Don’t panic. But don’t tune out and let the apathy virus shut you down either. You can protect yourself from harm with a couple of simple steps.
Heartbleed is a software bug that allowed criminals to exploit encrypted data and even “secure” financial sites. This huge breach makes it possible for scammers to have a field day with your personal info. You’ll hear lots of advice to change all your usernames and passwords using combinations of complex hieroglyphics, but that is a bit extreme and perhaps unnecessary.
So what should you do? First, check your email. Most reputable sites have been pro-active about emailing their customers to advise them of the hit, and let them know it’s now time to change your password. (If you change your password before the site has repaired the bug, you may have to go back change it once again.) However, as a precaution against scammers who are sending fake emails to take advantage of unsuspecting users–please log in directly on the website itself to change your password. Don’t rely on links within emails.
If you didn’t receive an email from the website, the reputable technology blog Mashable has put together The Heartbleed Hit List: The Passwords You Need to Change Right Now. If a site you use appears on this list, go to the website and change your password immediately. If a site is listed as ‘unaffected,’ you don’t need to do anything right now. You can also check C-net’s list of affected/repaired websites.

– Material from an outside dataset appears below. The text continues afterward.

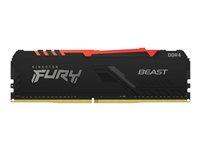 Kingston FURY Beast RGB - DDR4 - modul - 8 GB - DIMM 288-pin - 3200 MHz / PC4-25600 - CL16 - 1.35 V - ej buffrad - icke ECC - svart KF432C16BBA/8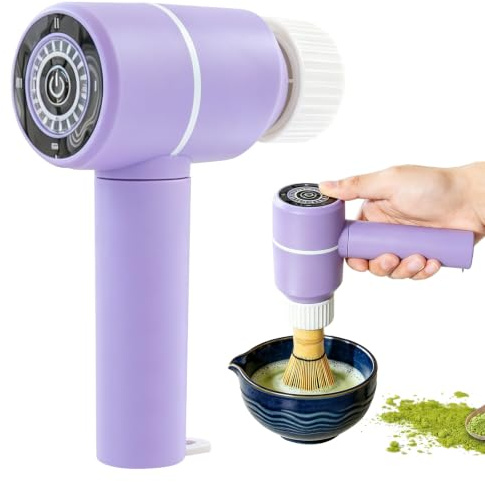 Fouet électrique à matcha, pratique et rechargeable, pour cérémonie de thé et cuisine, 3 vitesses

Concerned about other sites you use regularly? you can type a website address into this tool to check whether it’s safe to go back in and change your password: https://www.ssllabs.com/ssltest/index.html
This is a good time to change your password on all your financial sites, as well as your email accounts. But this should be done as a matter of course 2-3 times a year, even under normal circumstances.
And here’s a special word to business owners: Buy a dedicated computer for business transactions , and never use this computer to surf, shop or email. Use this computer only for banking, because under the law, a business has no protection without “due care.” And using a general use computer for banking could disqualify you.